By Aidan | Posted in student post | Tagged , , , , , , , , , , , , , , | Comments (4)

Da Vinci’s Flying Machines

November 14, 2011 at 2:36 pm

Leonardo da Vinci was a great artist who lived during the Italian Renaissance. Today he is remembered mainly for his artistic contributions, such as the Mona Lisa. Da Vinci however, was much more than just an artist, he was also an incredible inventor and engineer. He had written up designs for everything from bridges, to tank, to helicopters. Originally Da Vinci wished to emulate birds and bats, so he designed a contraption that would allow its wearer to flap their wings in order to create thrust.
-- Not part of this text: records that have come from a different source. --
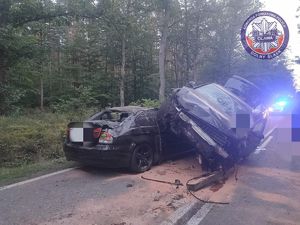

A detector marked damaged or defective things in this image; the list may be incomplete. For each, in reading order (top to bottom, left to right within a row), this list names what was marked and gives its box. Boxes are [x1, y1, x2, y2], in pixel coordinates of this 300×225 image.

severely damaged car [64, 105, 193, 172]
severely damaged car [158, 76, 266, 171]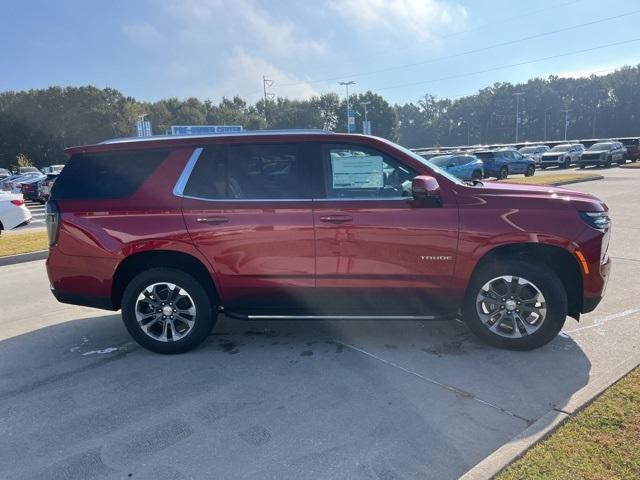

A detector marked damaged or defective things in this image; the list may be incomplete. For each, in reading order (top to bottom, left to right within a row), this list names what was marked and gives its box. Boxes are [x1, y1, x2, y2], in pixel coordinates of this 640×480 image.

pavement crack [332, 340, 532, 426]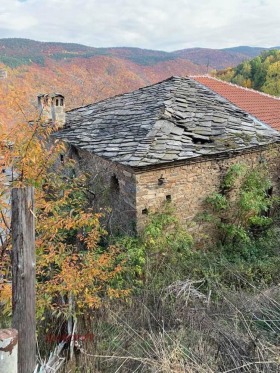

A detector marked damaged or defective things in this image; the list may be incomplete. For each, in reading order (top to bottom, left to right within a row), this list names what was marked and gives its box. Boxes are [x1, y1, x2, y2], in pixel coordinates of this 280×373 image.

broken roof slate [53, 76, 278, 166]
damaged roof section [54, 76, 278, 166]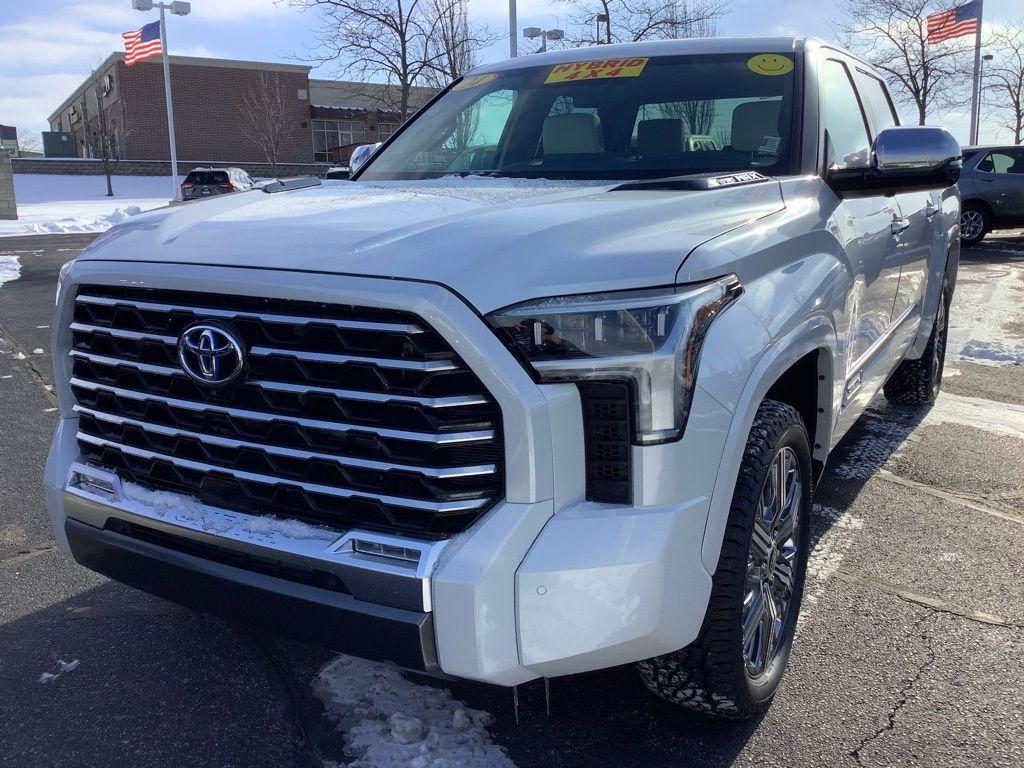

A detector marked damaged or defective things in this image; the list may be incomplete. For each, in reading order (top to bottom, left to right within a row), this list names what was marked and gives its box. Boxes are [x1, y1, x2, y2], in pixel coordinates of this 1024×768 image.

cracked asphalt [0, 231, 1019, 765]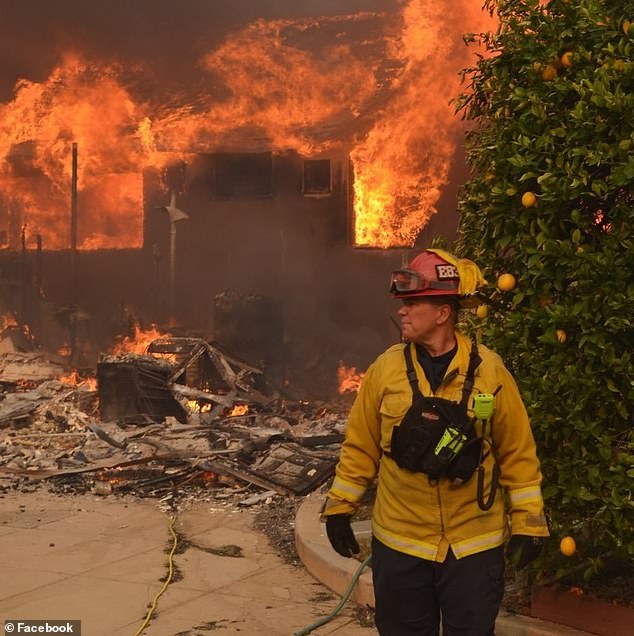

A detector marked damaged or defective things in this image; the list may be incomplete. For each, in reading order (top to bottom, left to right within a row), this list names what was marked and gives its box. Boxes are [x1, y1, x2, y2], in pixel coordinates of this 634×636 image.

burned debris pile [0, 338, 348, 502]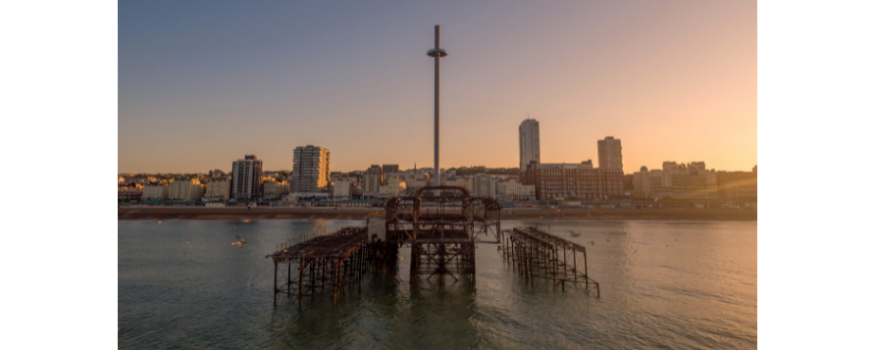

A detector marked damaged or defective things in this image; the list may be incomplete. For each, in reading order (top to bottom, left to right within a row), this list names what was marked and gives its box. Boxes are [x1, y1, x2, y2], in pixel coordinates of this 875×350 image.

Da Vinci's design of a man-powered ornithopter.

Da Vinci's design of a man-powered ornithopter.

It is not clear whether he built this device or if it was left as design. It is clear however that da Vinci realized it was too heavy to take off on its own. Modern day engineers have learned through trial and error that fully copying nature is not a good idea.

Da Vinci's glider. Image from the British Library.

Robert Full mentioned when he spoke to our class how evolution has created animals that have many traits, and not all of them are specified towards a task. In fact sometimes animals can perform a task because a random set of evolutions occurred, and not because they needed some specific job to be completed. Rather than copying nature we should take aspects of nature, and try to make them work for us.

Da Vinci saw that a creature the size of a man could not take off the same way that a bird does, so he focused his efforts on the gliding aspect of birds. His next design was much lighter and much more practical. Da Vinci likely did not build this either, but a few modern day people tried to replicate his design. This is what happened:

As you can see Da Vinci’s design was successful! He didn’t have calculus or wind tunnels, but by observing the way birds glide he was able to replicate their coasting. There is some evidence that da Vinci flew, and if he did this was likely how he did it.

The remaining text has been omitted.